I disagree with you. A lot of other programs have packages for the distros the 
people uses, I think that is the best way...


Em Qui 30 Dez 2004 15:25, John Eaton escreveu:

> So gEDA requires that your system has package Foo installed. Your distro
> has Foo but
> it is kept in a different location than the default used by Foo's
> developers. gEDA installs
> and runs ok.
>
> One year later there is a new gEDA that requires the latest rev of Foo.
> Your original won't
> work. So you grab the latest foo from foo.org, install it and wonder why
> the new gEDA
> still complains that you have the older version of Foo and won't run.
>
> Typical day in the life of anyone that does system administation but
> this will stop an end user
> ( note: I refuse to use the term luser) in their tracks. So if gEDA
> needs Foo then why not
> compile it into the geda apps. Quit worring about being frugal will
> system resources at the
> expense of system admin time. We have plenty of disc space, ram and cpu
> cycles. Sys admin
> time is the bottleneck that we must develop to minimize. Linux is so
> flexible that the number
> of possible system configs is enourmous. You can't cover all of them.

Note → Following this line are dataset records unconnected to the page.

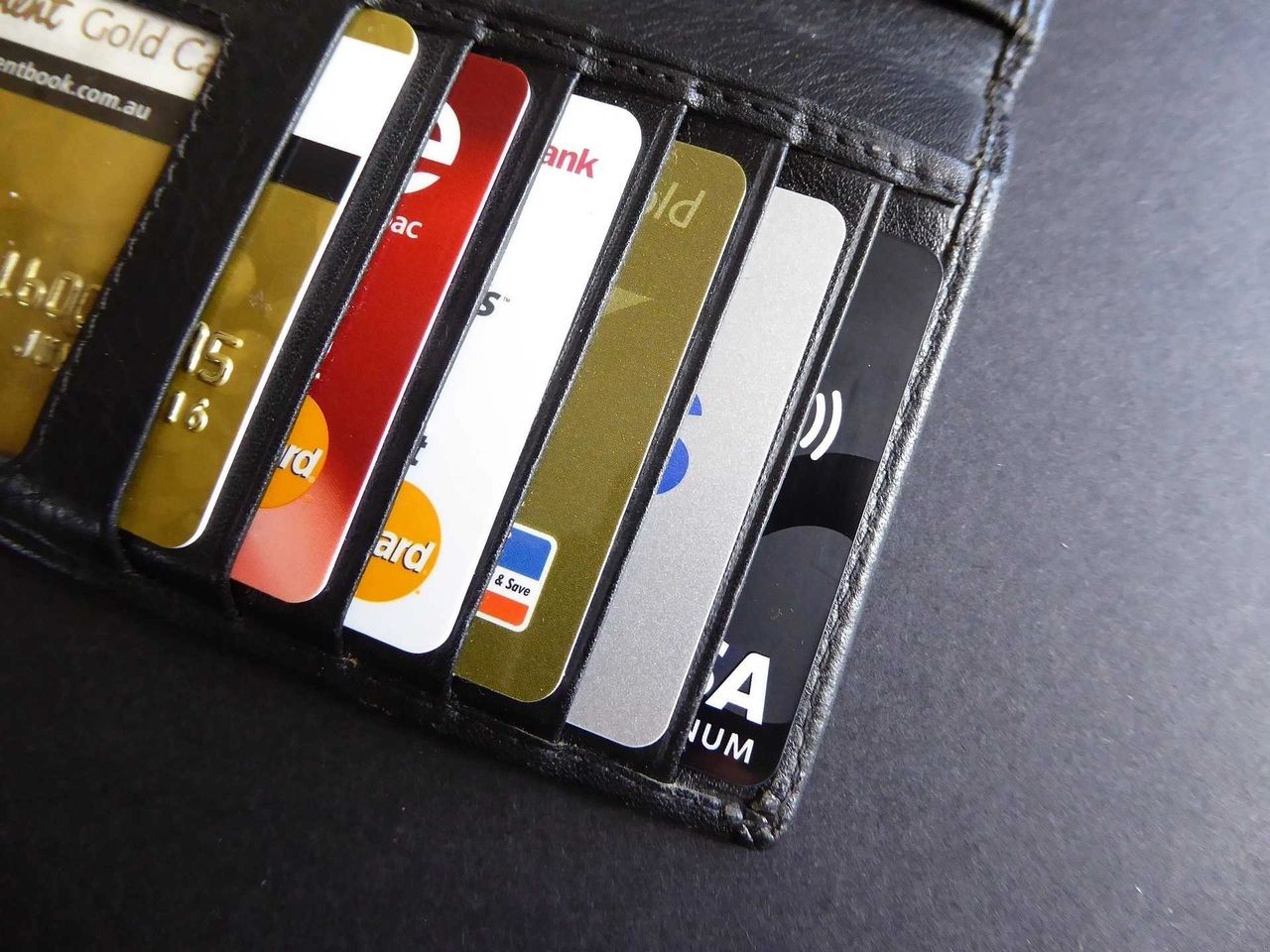 A wallet with different credit and debit cards.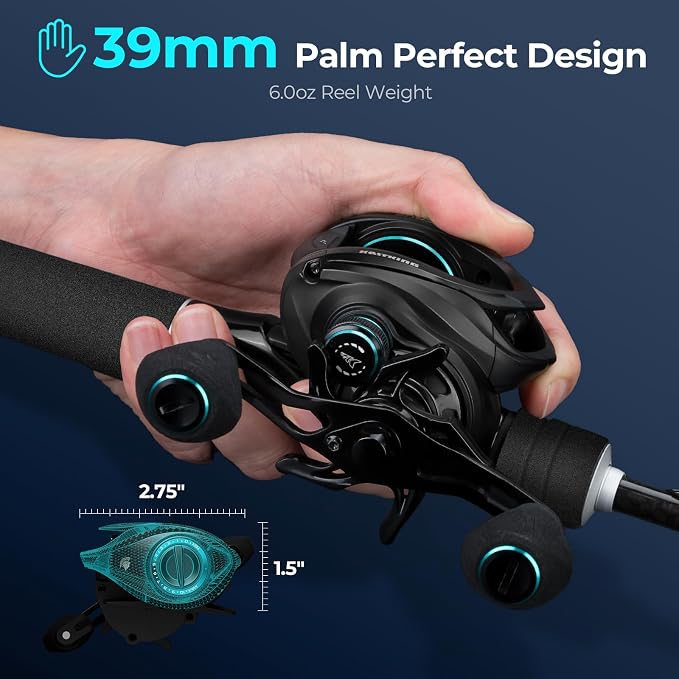 KastKing Verus Baitcasting Fishing Reel, 6oz Ultra Lightweight, Halo XII Magnetic Brake, 9+1 MaxiDur Double Shielded Stainless Steel BB, Up to 18 Lbs Max Drag, 8.0:1/7.2:1 Gear Ratio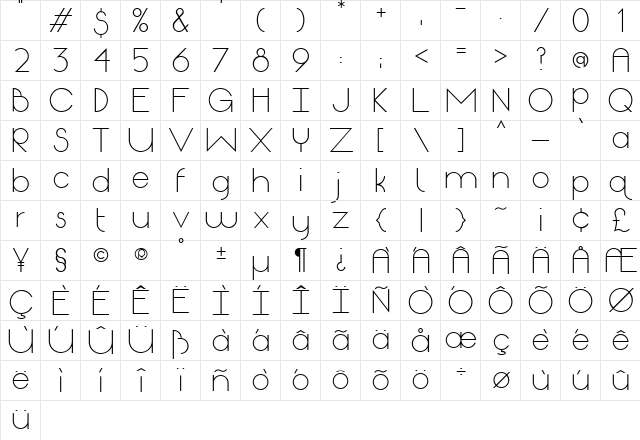 Origin Light Light font glyphpreview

> You must design software
> that will work with any of them.
>
> John Eaton
>
> Karel Kulhavy wrote:
> >>Free Software means never having to say "now what do I do" when your
> >> closed source vendor goes belly up.
> >>
> >>
> >>A "dummies guide to gEDA" would be nice but a lot of the problem is
> >>related to the flexible nature of linux.
> >>With that other OS where you know exactly what is available in the user
> >>enviroment but in linux you have no
> >>idea if the user's distro has the needed libs or not.
> >
> >It is necessary to write:
> >a) What are the gEDA's requirements on the system
> >b) How do I test if my system fullfills them (step-by-step guide)
> >c) How do I convert non-compliant system into a compliant one
> > (step-by-step guide)
> >d) How do I install gEDA on compliant system (step-by-step guide)
> >e) Where to report bugs when some of the step-by-step guides doesn't work.
> >
> >With these informations provided to user, installing gEDA will
> > unconditionally work.
> >
> >Write in human brain code, not philosophical essays. Ronja is written in
> >human brain code (it's even transaction oriented - there is a box you read
> >where the step is described, then you hit box boundary, commit the
> > transaction, cross the box on printout with a pencil and move over to
> > another. This prevents execution of half the box) and it works well.
> >
> >>Locating,downloading and installing a bunch of different
> >>programs is daunting for a end user. One solution would be to simply
> >
> >When there's a step-by-step guide, it isn't daunting, because the user
> > even doesn't have to think about what he's doing.